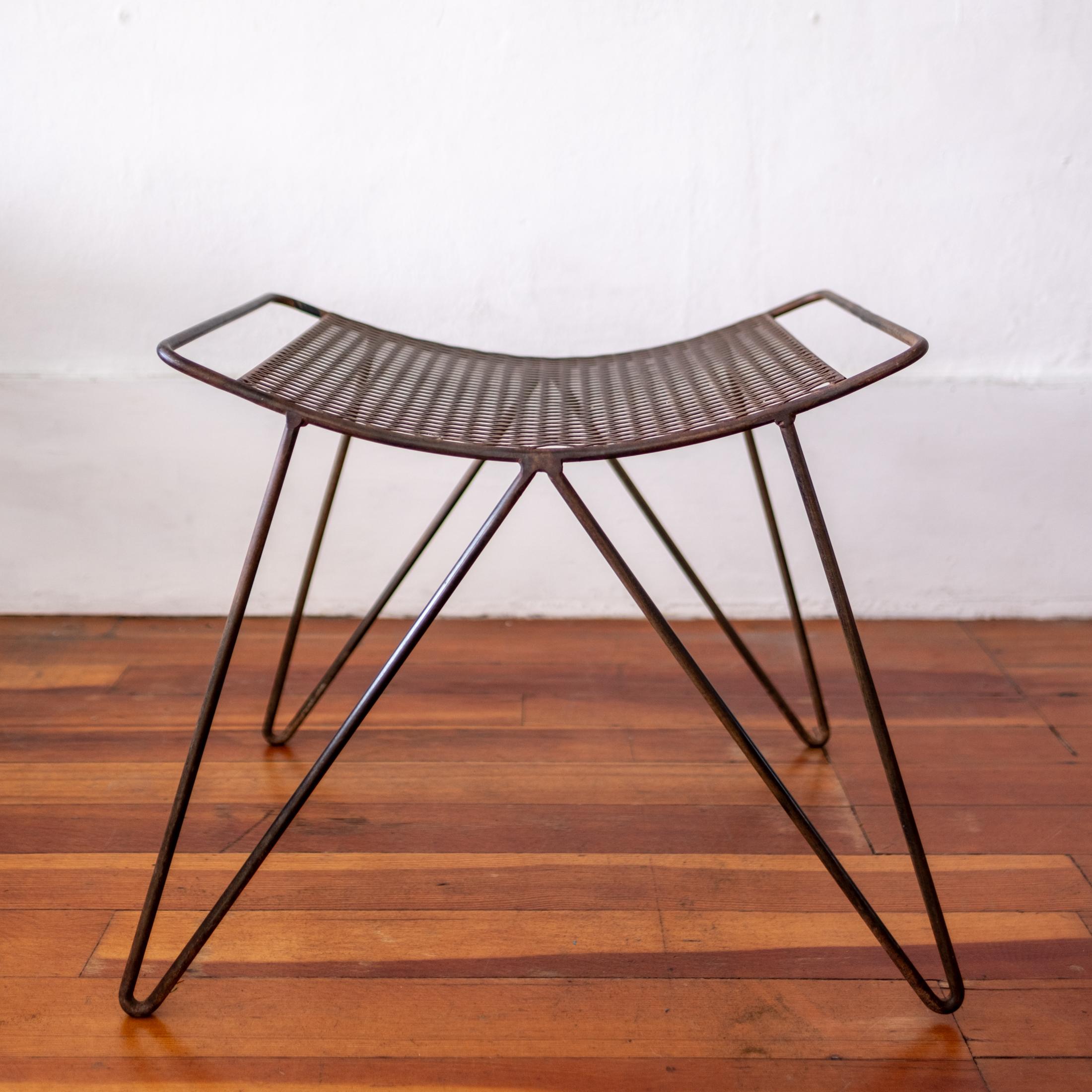 Mid-Century Modern Mid Century Iron and Expanded Metal Stool For Sale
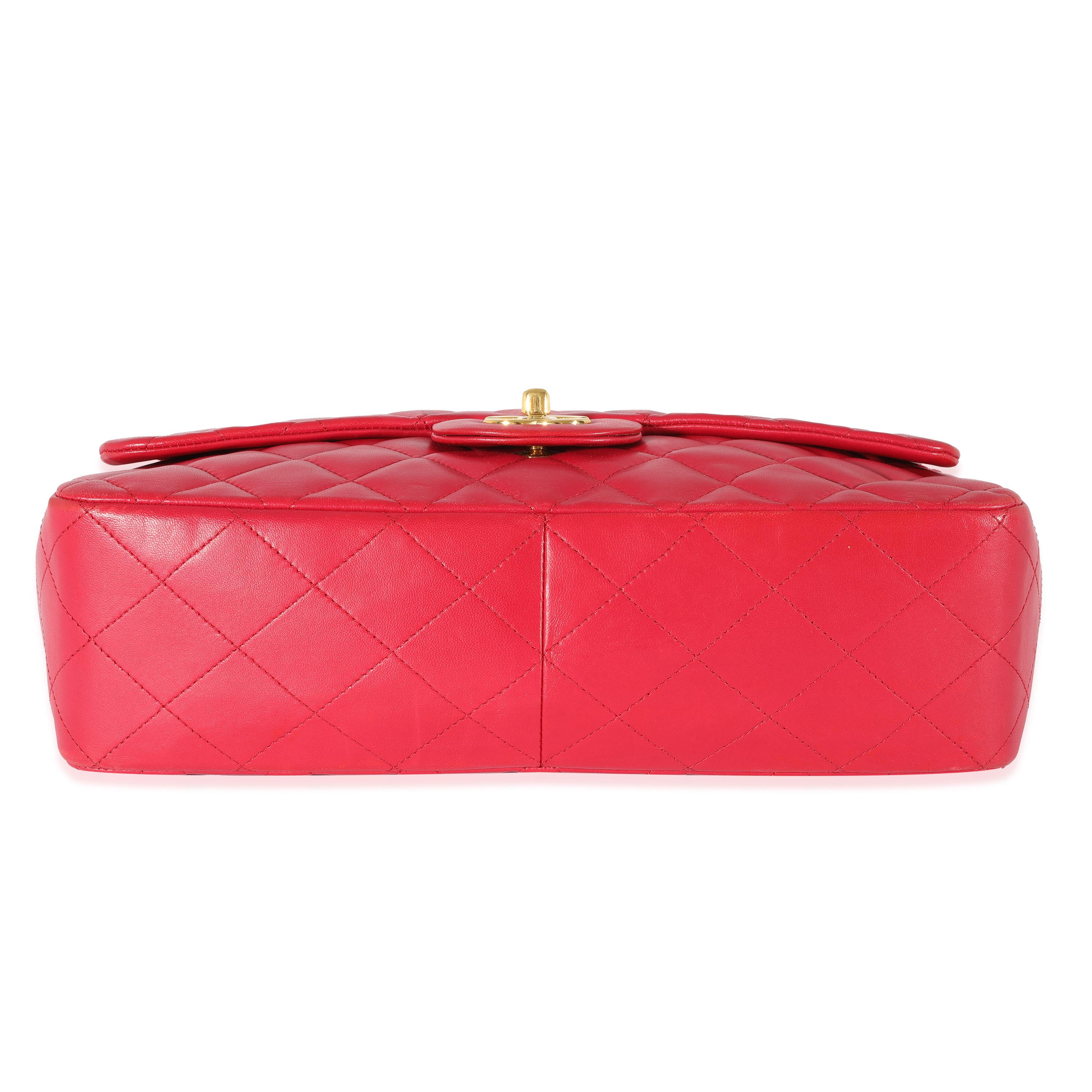 Chanel Dark Pink Lambskin Jumbo Single Flap Bag 1
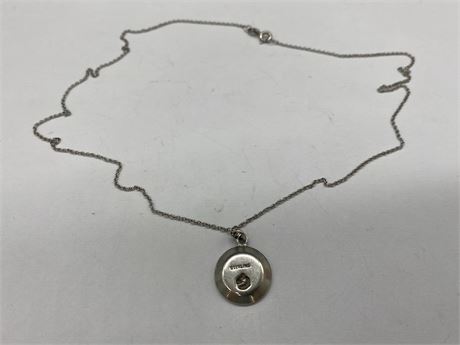 STERLING W/GOLD NUGGET PENDANT AND CHAIN
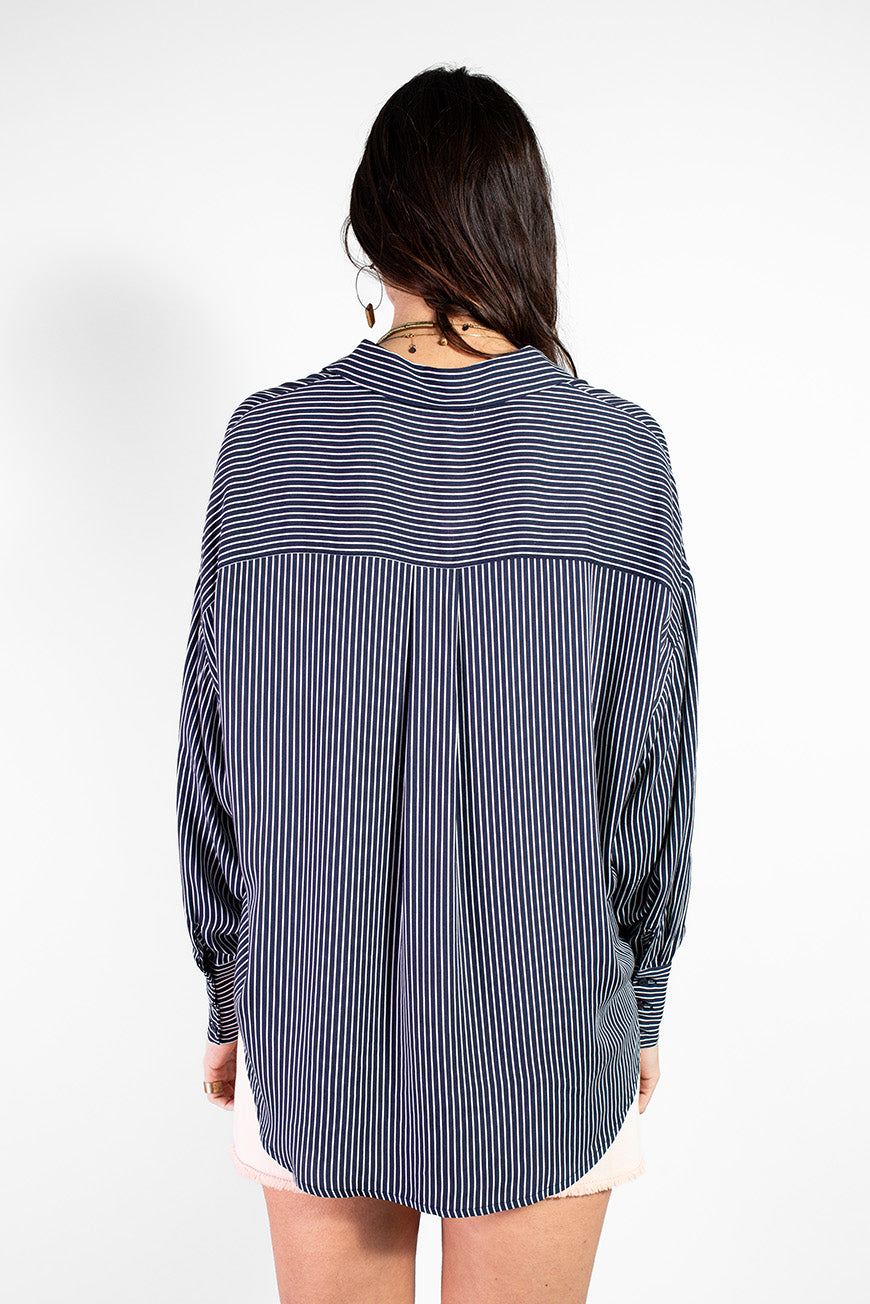 CHEMISE MELIE MARINE RAYURES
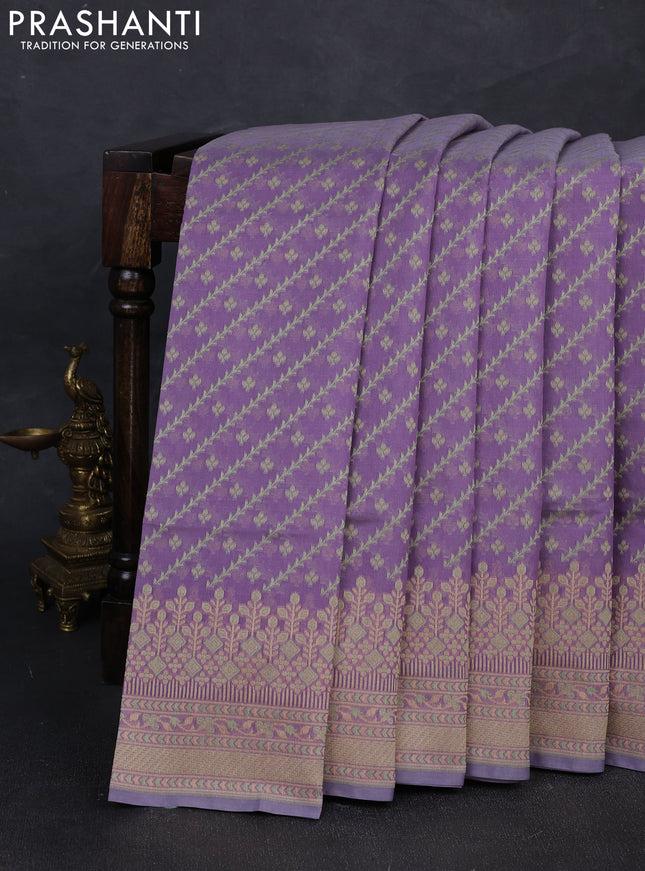 Banarasi cotton saree lavender with allover thread weaves and woven border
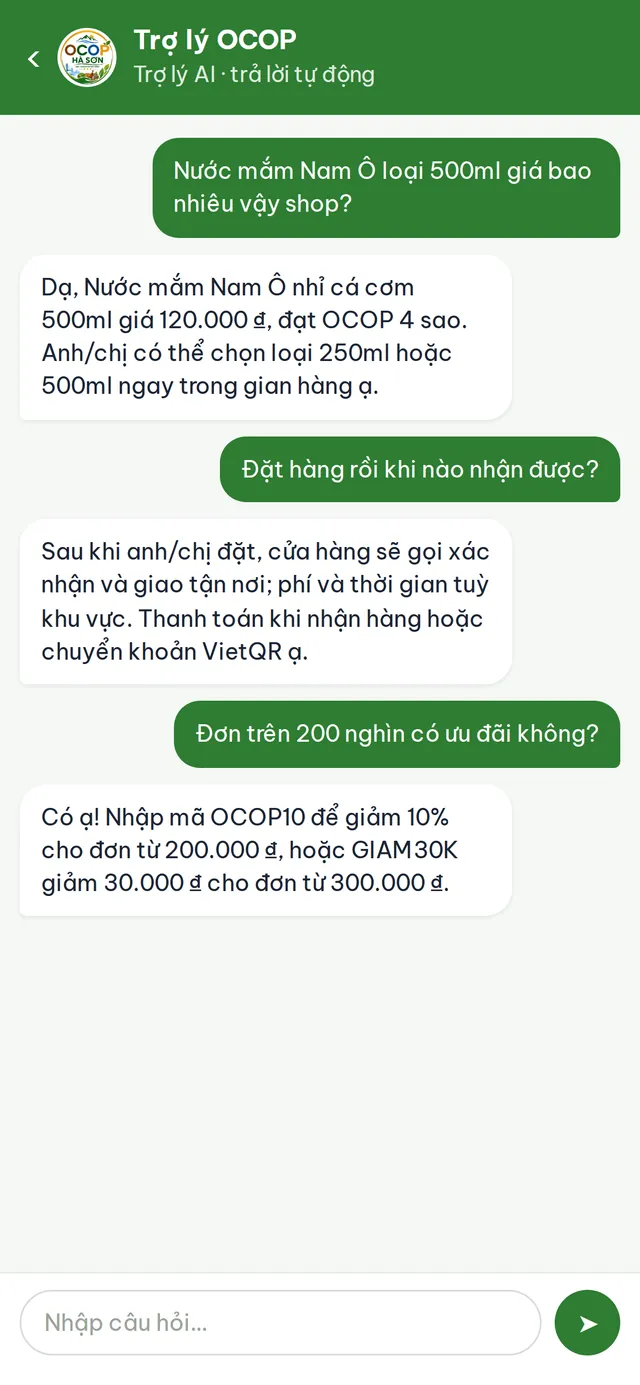 Màn hình Trợ lý AI của Zalo Mini App OCOP – Đặc sản Đà Nẵng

------------------------------------------------------------------------

● **WHAT YOU WILL DO**
Once the pictures are set aside, output the whole listing exactly.

● **SOLUTION TO THIS PROBLEM**
 Mid-Century Modern Mid Century Iron and Expanded Metal Stool For Sale
 Chanel Dark Pink Lambskin Jumbo Single Flap Bag 1
 STERLING W/GOLD NUGGET PENDANT AND CHAIN
 CHEMISE MELIE MARINE RAYURES
 Banarasi cotton saree lavender with allover thread weaves and woven border
 Màn hình Trợ lý AI của Zalo Mini App OCOP – Đặc sản Đà Nẵng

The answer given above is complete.